JOURNAL – Trip to Slovakia (part 1)

By Rachel Lytie

“I heard the differences between the foreign languages while traveling. I was not always able to tell what language each person was speaking. In the beginning Slovak sounded like German since I have never heard it before…”, Rachel Lytie, student of Concordia University Wisconsin who spent one week in Martin, Slovakia. Read more about her experiences in this blog ☺

My trip consisted of ten days mostly in Slovakia, but also seeing Austria, Czech Republic, and Poland. This trip was made up of two other Concordia students and me. I had the opportunity to stay at Martin Bible School which is located in Slovakia towards the north of the country.
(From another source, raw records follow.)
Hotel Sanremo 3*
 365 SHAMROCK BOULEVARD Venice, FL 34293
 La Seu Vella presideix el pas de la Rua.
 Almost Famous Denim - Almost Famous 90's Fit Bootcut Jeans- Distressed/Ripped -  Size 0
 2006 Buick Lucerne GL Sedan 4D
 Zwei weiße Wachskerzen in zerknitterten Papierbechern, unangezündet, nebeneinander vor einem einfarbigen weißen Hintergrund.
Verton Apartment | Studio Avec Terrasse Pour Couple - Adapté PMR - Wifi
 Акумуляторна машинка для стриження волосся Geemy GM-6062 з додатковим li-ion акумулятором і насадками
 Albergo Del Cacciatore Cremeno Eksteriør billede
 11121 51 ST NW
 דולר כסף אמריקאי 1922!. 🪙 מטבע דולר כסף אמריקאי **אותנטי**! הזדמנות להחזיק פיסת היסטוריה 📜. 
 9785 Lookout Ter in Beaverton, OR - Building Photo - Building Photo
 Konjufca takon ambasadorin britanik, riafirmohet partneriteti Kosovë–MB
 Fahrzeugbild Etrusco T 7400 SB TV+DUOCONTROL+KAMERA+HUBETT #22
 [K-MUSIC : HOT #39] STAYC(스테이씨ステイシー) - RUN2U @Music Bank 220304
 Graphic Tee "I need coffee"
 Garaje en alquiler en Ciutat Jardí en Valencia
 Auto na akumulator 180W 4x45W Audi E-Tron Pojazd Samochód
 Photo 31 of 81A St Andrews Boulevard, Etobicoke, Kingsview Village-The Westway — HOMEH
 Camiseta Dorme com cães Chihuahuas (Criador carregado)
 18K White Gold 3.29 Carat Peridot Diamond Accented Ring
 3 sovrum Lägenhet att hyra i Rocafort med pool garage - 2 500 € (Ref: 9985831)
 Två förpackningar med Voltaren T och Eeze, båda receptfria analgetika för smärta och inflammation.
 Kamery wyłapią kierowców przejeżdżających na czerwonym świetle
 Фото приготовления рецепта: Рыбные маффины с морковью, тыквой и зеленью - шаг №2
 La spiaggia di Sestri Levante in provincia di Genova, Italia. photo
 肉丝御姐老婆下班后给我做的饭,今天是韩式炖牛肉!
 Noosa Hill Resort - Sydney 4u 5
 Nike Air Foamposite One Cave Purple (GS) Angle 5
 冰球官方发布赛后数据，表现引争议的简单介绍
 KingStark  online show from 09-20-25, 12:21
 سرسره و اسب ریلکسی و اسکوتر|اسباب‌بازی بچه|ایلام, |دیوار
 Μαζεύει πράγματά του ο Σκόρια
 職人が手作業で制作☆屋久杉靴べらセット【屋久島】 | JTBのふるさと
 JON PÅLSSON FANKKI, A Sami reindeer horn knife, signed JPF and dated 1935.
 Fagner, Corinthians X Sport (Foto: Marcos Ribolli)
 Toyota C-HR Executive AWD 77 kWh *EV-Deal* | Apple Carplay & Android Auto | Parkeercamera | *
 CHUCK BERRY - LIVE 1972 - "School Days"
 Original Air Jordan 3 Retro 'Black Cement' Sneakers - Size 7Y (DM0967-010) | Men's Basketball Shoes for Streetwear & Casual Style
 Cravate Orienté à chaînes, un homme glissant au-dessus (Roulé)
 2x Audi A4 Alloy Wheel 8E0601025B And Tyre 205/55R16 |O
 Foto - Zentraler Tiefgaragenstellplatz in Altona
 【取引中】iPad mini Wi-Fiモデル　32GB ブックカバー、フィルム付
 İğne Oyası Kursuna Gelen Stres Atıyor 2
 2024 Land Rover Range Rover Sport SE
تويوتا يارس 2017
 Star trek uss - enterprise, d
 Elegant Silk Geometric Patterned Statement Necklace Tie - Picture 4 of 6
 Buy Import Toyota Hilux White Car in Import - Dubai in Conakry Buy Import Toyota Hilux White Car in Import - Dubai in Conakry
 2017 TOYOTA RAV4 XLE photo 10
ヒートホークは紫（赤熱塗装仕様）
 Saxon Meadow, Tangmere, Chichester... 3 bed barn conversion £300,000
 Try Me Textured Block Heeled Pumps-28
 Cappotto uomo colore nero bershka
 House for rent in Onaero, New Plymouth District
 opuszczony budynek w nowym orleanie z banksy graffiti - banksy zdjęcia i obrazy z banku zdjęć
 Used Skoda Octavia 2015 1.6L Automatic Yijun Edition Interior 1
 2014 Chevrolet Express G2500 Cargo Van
The instructors of the Bible School took the time to show us around the area and shared their experiences with us.

Thursday January 9, 2014 | Switzerland, Austria, Slovakia

Today I expected to be very jet lagged from the travel and not able to be ready to relax and spend time absorbing the culture. Slovakia is seven hours ahead compared to Wisconsin. I expected to have some delays and problems finding things in the airport.

I started traveling yesterday at noon, leaving Green Bay to get to the airport in Chicago. At midnight I was in a plane going from Chicago to Zurich, Switzerland. Once in Zurich we took a connecting flight to Vienna, Austria. Then we were picked up by two members of the Martin Bible School in Slovakia and driven to the campus. Here we settled into the dorm rooms and went out to dinner in Martin. After this we were able to retire for the night. The temperature here was about 40 degrees Fahrenheit and there was no snow on the ground, which is unusual. One noticeable difference in the topography of Slovakia compared to Wisconsin is the increased number of mountains in upper Slovakia. I also noticed the different architecture of the buildings. Some of the cities we drove through had more modern looking architecture while others had more medieval looking architecture.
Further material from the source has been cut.